Un digest des théories de l’art militaire en vigueur avant la première guerre mondiale.

Un roman, un vrai, dont personne n’est fichu de citer le nombre de pages exact, c’est toujours «quelques 2400 pages».

Un roman numérisé en 1588 pages (mais que s’est-il donc passé lors du processus de numérisation ?).

La plus grande collection au monde de phrases obéissant à la règle des «trois machins» (trois noms, trois adjectifs, trois locutions …). Faites un test : ouvrez n’importe où, vous en trouverez obligatoirement un exemple, parfois en tirs groupés. Collection dans laquelle la règle des trois machins subit parfois une inflation non maîtrisée : «(…) je revenais toujours avec une convoitise inavouée m’engluer dans l’odeur médiane, poisseuse, fade, indigeste et fruitée du couvre-lit à fleurs.»

Une construction oulipienne regrettablement non répertoriée – mais c’est réparable – qui relate l’histoire de la diplomatie européenne entre 1871 et 1914 à partir d'une contrainte consistant à utiliser uniquement des banalités, clichés, idées reçues, platitudes, poncifs, stéréotypes, tartes à la crème, le tout rédigé à la perfection par la voix d’un personnage-prétexte créé, de toute évidence, exclusivement dans ce but : l’ambassadeur Norpois.

Un texte sexiste où la galerie de portraits féminins est dans l’ensemble, navrante et le plus souvent, assassine.
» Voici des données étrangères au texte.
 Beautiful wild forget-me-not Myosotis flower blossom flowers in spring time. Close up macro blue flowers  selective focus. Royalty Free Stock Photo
Une palette de couleurs infinie, avec variateurs d’intensité très précis, le vrai nuancier du diable.

Quelques 2400 pages dans lesquelles on cherche, à la dixième lecture (en cachant, sous une désinvolture de surface, un acharnement désespéré), non le temps perdu, mais la possibilité de coincer l’auteur sur des tournures grammaticales erronées ou des fautes de ponctuation : attention, chantier en cours, ralentir.

Un catalogue des robes de Fortuny et de Poiret, avec accessoires et détails de toilette.

La création d’une famille virtuelle incroyable dont le lecteur averti peut situer chaque membre dans sa généalogie littéraire et ses liens de cousinage.

Un long poème en prose médité en regardant ballotter les mouettes sur la crête des vagues.

La première guerre mondiale, vue de l’arrière.

Une suite assez curieuse de tentatives le plus souvent passablement téléphonées pour amener, parfois à l’aide de plusieurs pages, montages romanesques, création de personnages secondaires, une chute, une bonne histoire, un mot spirituel. Proust, gagman visionnaire ou lecteur inspiré du Vermot ?

Une fine observation des mœurs ancillaires dans les familles bourgeoises à la fin du XIXe siècle.

La vie et l’œuvre du baron de Charlus : sa généalogie, ses amours, ses excès, son rôle mondain, sa vieillesse et sa triste fin.

Un tissu d’affirmations culottées sur tout un tas de sujets, assénées avec le plus grand sérieux !

Un ensemble rigoureux dans son projet mais où l'on pourra trouver, comme autant d'amusantes truffes littéraires, des anachronismes qui font mourir par exemple tel personnage à la page tant, pour le voir bizarrement ressuscité et prenant le thé dans un salon du Faubourg, quelques pages plus loin, ou des fulgurances temporelles amenant la neige et le brouillard en été, etc.

Quelques 2400 pages passablement torturées par nombre de lectures nocturnes, pages tombées de fatigue, détachées par l’usure, dentelées de vieillesse, retrouvées parfois sous l’oreiller voire sous le lit, inlassablement défroissées, reclassées, réinsérées parmi leur cortège de semblables brunies par l’âge des vieux « poche » dépareillés où elles s’éparpillent comme si certains tomes avaient été lus sous le niveau de la mer, livres épuisés au dos décollé, fendillé, collection disparates d’éditions différentes aux notes mille fois consultées sans que jamais l’on ait pu mémoriser quoi que ce soit, mais ensemble cohérent au sein duquel on peut retrouver un passage précis en moins de dix minutes.

Le roman d’un roman.

Un théâtre très subtil de la cruauté.

Un machin proprement incroyable.

Etc.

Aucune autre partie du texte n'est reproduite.